The encryption key file is located in C:\Program Files\BioStar 2(x64)\util and makes a backup DB.
For more details about DB backup and restore, click the below links.
- [BioStar 2] Database Backup and Restore Instructions (Maria DB)
- [BioStar 2] MSSQL Database Backup and Restore Instructions
Case 2. Upgrade from the formal version of BioStar 2
Note: BioStar 2 v2.8 or higher version will keep the previous configuration of Personal Data Encryption. It means the option should be manually enabled by BioStar 2 administrator if you were not using the option Encrypt Personal Data on Database during using the formal version BioStar 2. If you want to know the default encrypted data information, please click here.
Note: The name of the option Data Encryption was Server & Device Encryption Key manual management in Settings>Server>Advanced security settings on the formal BioStar 2. (v2.6 ~ v2.7.14)
From BioStar 2 v2.8, the option name is replaced with Encrypt Personal Data on Database and it is re-located in Settings>Security>Advanced security settings
Note: Please read carefully since the migration progress will take time if you enable the option of Encrypt Personal Data on Database. The completion time of data encryption from non-encrypted data to encrypted data depends on the number of user data, log data, image log data, and etc. This progress is not just chaining a simple configuration because BioStar 2 server will encrypt all personal data in the stored BioStar 2 database server.
How to enable the option [Personal Data Encryption]
1) Go to BioStar 2>Settings>Security>Advanced Security Settings.
2) Confirm the option Encrypt Personal Data on Database.
3) Enable the button from [Not use] to [Use] and set the personal data encryption key if you want to have unique key information. You can enter the personal data encryption key with 32 characters using letters, numbers, and symbols.
4) Confirm the page of data migration as follows.
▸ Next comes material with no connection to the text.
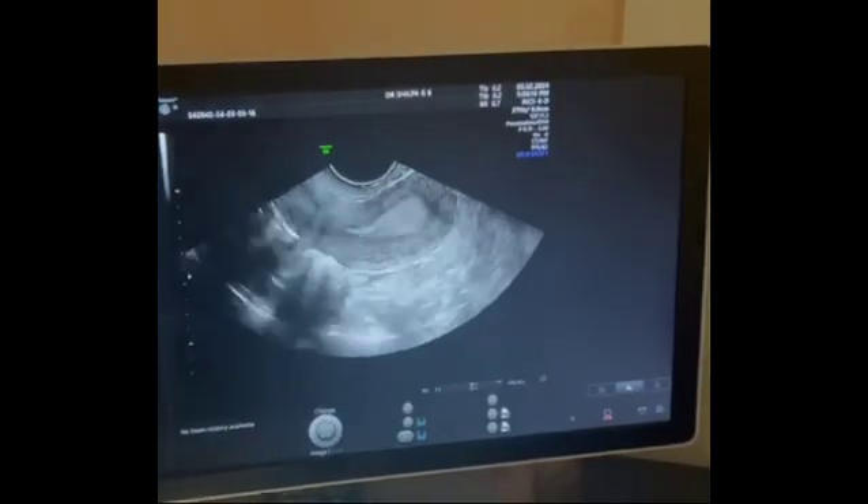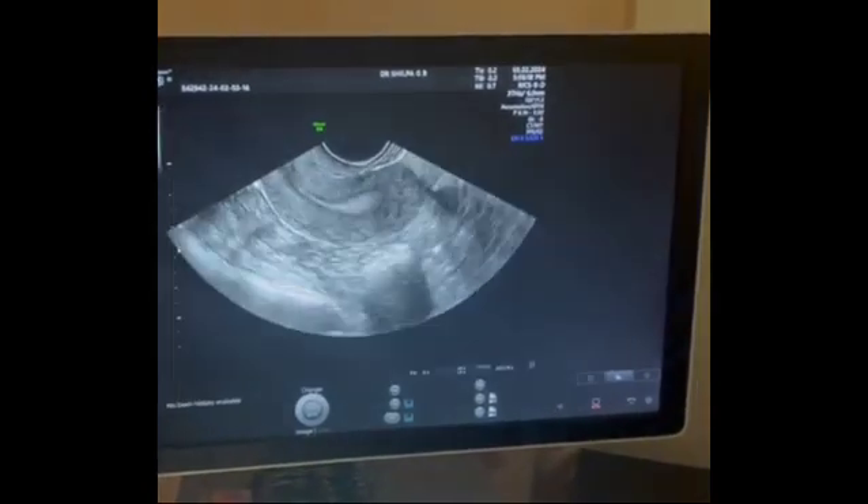This is a 26-year-old patient with a right unicornate uterus on HSG. She has been married for two years and is trying to conceive. I have done a transvaginal scan on the same patient, and this is the sagittal section.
Click [Start] to start Data Encryption.
5) Confirm the popup 'Data migration complete'.
Note: The below information is excepted for Personal Data Encryption.
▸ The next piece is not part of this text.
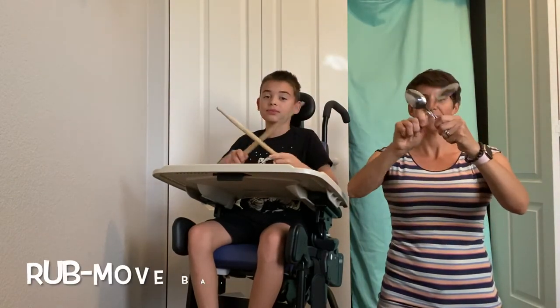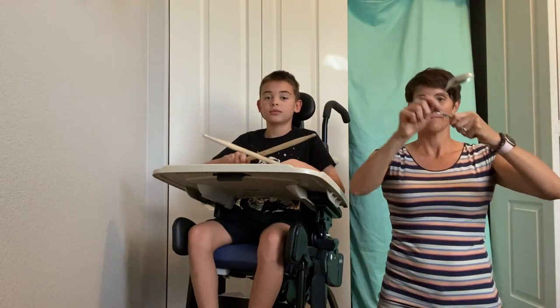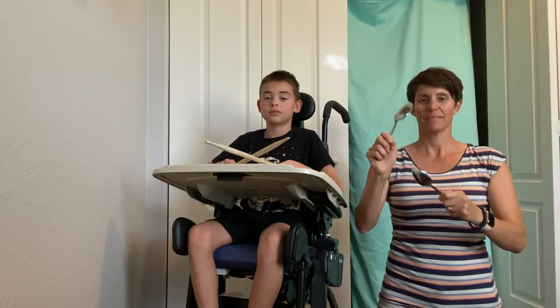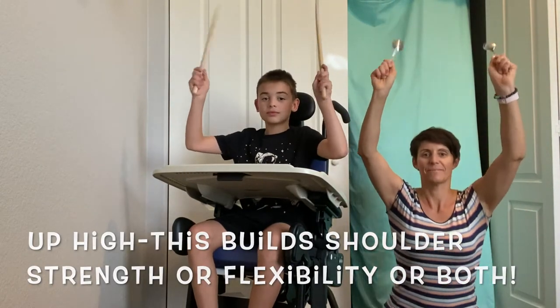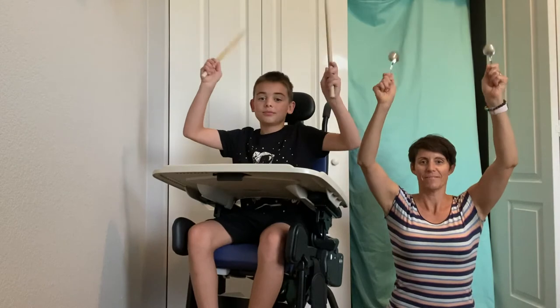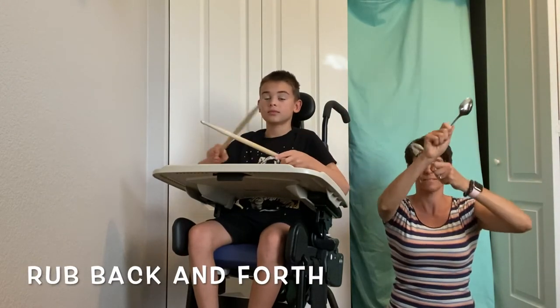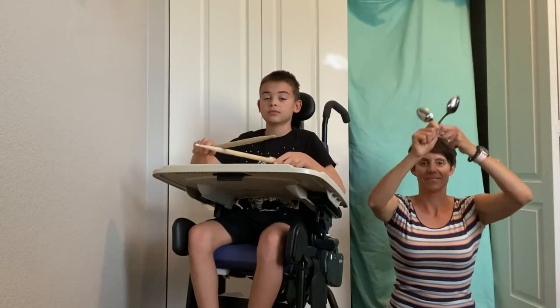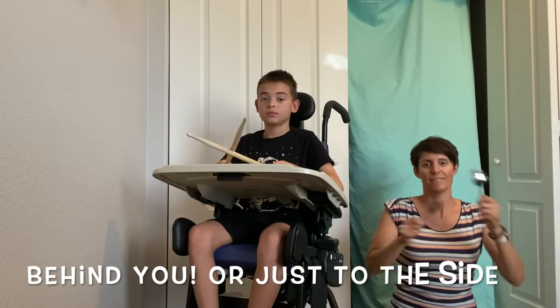Rub your sticks together. Shake them high above you. Rub your sticks together. Pass them both behind you.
BioStar 2 AC DB: The User ID 1
BioStar 2 TA DB: The User IDs for administrator, user operator, monitoring operator, video operator, TA operator, and user operator in Operator Level.
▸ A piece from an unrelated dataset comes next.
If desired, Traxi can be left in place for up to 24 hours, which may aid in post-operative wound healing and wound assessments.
For DB backup and restore instructions, please consider the file of the encryption key.
The encryption key file located in C:\Program Files\BioStar 2(x64)\util and make a backup DB.
For more details about DB backup and restore, click the below links.
- [BioStar 2] Database Backup and Restore Instructions (Maria DB)
- [BioStar 2] MSSQL Database Backup and Restore Instructions
Reference
[BioStar 2] Overview of BioStar 2 v2.8 and Cyber Security
[BioStar 2] BioStar 2.8.0 New Features and Configuration Guide
FAQ
Q.1) In the case of encryption of the personal data like user name, ID’s, and other fields in the database, how the database level integration is possible for third-party integration?
DB-Level Integration is not possible because of the encrypted data. We recommend BioStar 2 API integration to keep the encrypted data.
Q.2) Will the new encryption method be applied to all fields of user information? Including CUSTOM FIELD? Also, can we control which specific field to be encrypted?
The custom field will be encrypted. But, we do not have the option for the specific field to be encrypted.
Q.3) Can I encrypt the personal data and then, decrypt it without losing the data?
Yes, with the option(Encrypt Personal Data On Database) of BioStar 2, you can encrypt and decrypt the data without losing the personal data and log. For the items, please refer to the above.